[David Eppstein]
Ok, I think you're right, for this sort of thing heapq is better. One could extend my priorityDictionary code to limit memory like this but it would be unnecessary work when the extra features it has over heapq are not used for this sort of algorithm.
I don't believe memory usage was an issue here. Take a look at the code again (comments removed): """ q = priorityDictionary() for dummy in xrange(N): q[Person(-1)] = -1 for person in people: if person.income > q.smallest().income: del q[q.smallest()] q[person] = person.income """ q starts with N entries. Each trip around the loop either leaves the q contents alone, or both removes and adds an entry. So the size of the dict is a loop invariant, len(q) == N. In the cases where it does remove an entry, it always removes the smallest entry, and the entry being added is strictly larger than that, so calling q.smallest() at the start of the next loop trip finds the just-deleted smallest entry still in self.__heap[0], and removes it. So the internal list may grow to N+1 entries immediately following del q[q.smallest()] but by the time we get to that line again it should be back to N entries again. The reasons I found heapq easier to live with in this specific app had more to do with the subtleties involved in sidestepping potential problems with __hash__, __cmp__, and the speed of tuple comparison when the first tuple elements tie. heapq also supplies a "remove current smallest and replace with a new value" primitive, which happens to be just right for this app (that isn't an accident <wink>): """ dummy = Person(-1) q = [dummy] * N for person in people: if person > q[0]: heapq.heapreplace(q, person) """

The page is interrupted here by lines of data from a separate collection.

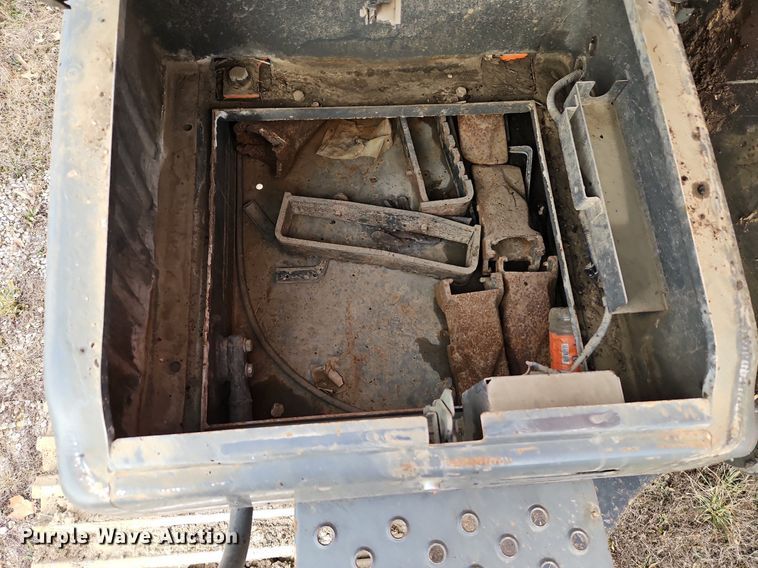 image for item DN7211 2006 Hitachi  ZX270LC-3 excavator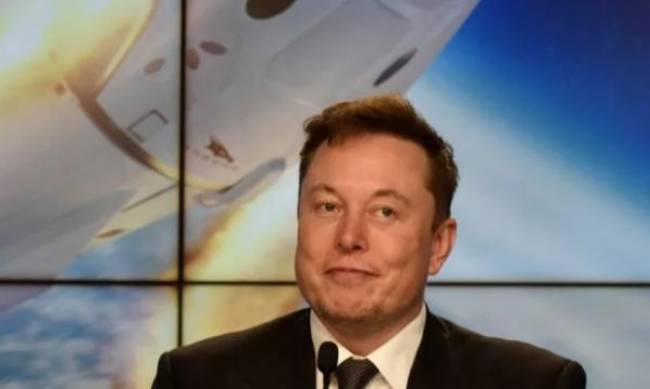 Черговий скандал. Працівників SpaceX звільнили за критику сексистських заяв Маска фото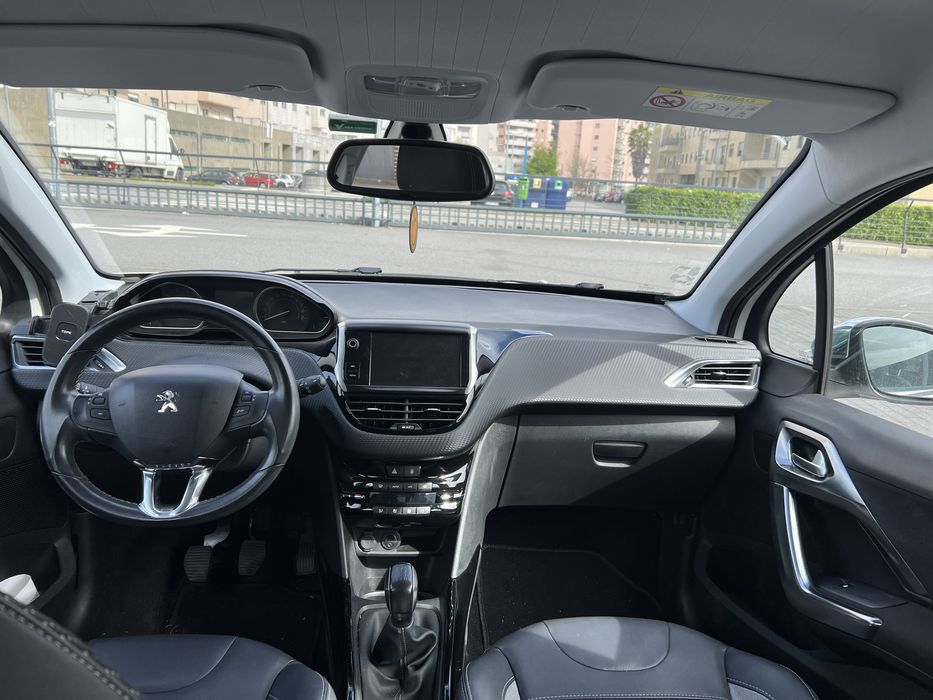 Peugeot 2008 1.2 PureTech Allure
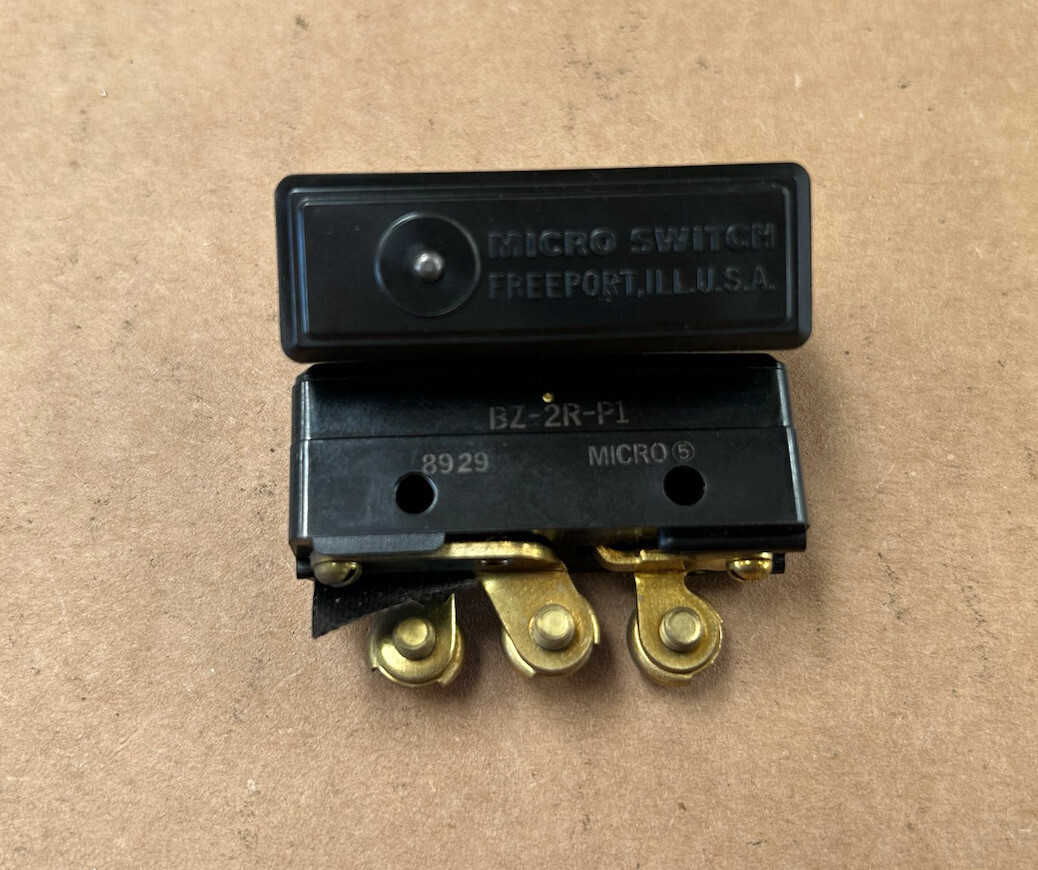 HONEYWELL BZ-2R-P1 15A 600V PIN PLUNGER SPDT BASIC MICRO SWITCH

On the other hand, if you really want to find the n best items in a data stream large enough that you care about using only space O(n), it might also be preferable to take constant amortized time per item rather than the O(log n) that heapq would use,
In practice, it's usually much faster than that. Over time, it gets rarer and rarer for person > q[0] to be true (the new person has to be larger than the N-th largest seen so far, and that bar gets raised whenever a new person manages to hurdle it), and the vast majority of sequence elements are disposed with via that single Python statement (the ">" test fails, and we move on to the next element with no heap operations). In the simplest case, if N==1, the incoming data is randomly ordered, and the incoming sequence has M elements, the if-test is true (on average) only ln(M) times (the expected number of left-to-right maxima). The order statistics get more complicated as N increases, of course, but in practice it remains very fast, and doing a heapreplace() on every incoming item is the worst case (achieved if the items come in sorted order; the best case is when they come in reverse-sorted order, in which case min(M, N) heapreplace() operations are done).
and it's not very difficult nor does it require any fancy data structures. Some time back I needed some Java code for this, haven't had an excuse to port it to Python. In case anyone's interested, it's online at http://www.ics.uci.edu/~eppstein/161/KBest.java. Looking at it now, it seems more complicated than it needs to be, but maybe that's just the effect of writing in Java instead of Python (I've seen an example of a three-page Java implementation of an algorithm in a textbook that could easily be done in a dozen Python lines).
Cool! I understood the thrust but not the details -- and I agree Java must be making it harder than it should be <wink>.
In python, this could be done without randomization as simply as
def addToNBest(L,x,N): L.append(x) if len(L) > 2*N: L.sort() del L[N:]
It's not constant amortized time due to the sort, but that's probably more than made up for due to the speed of compiled sort versus interpreted randomized pivot.
I'll attach a little timing script. addToNBest is done inline there, some low-level tricks were played to speed it, and it was changed to be a max N-best instead of a min N-best. Note that the list sort in 2.3 has a real advantage over Pythons before 2.3 here, because it recognizes (in linear time) that the first half of the list is already in sorted order (on the second & subsequent sorts), and leaves it alone until a final merge step with the other half of the array. The relative speed (compared to the heapq code) varies under 2.3, seeming to depend mostly on M/N. The test case is set up to find the 1000 largest of a million random floats. In that case the sorting method takes about 3.4x longer than the heapq approach. As N gets closer to M, the sorting method eventually wins; when M and N are both a million, the sorting method is 10x faster. For most N-best apps, M is much smaller than N, and the heapq code should be quicker unless the data is already in order.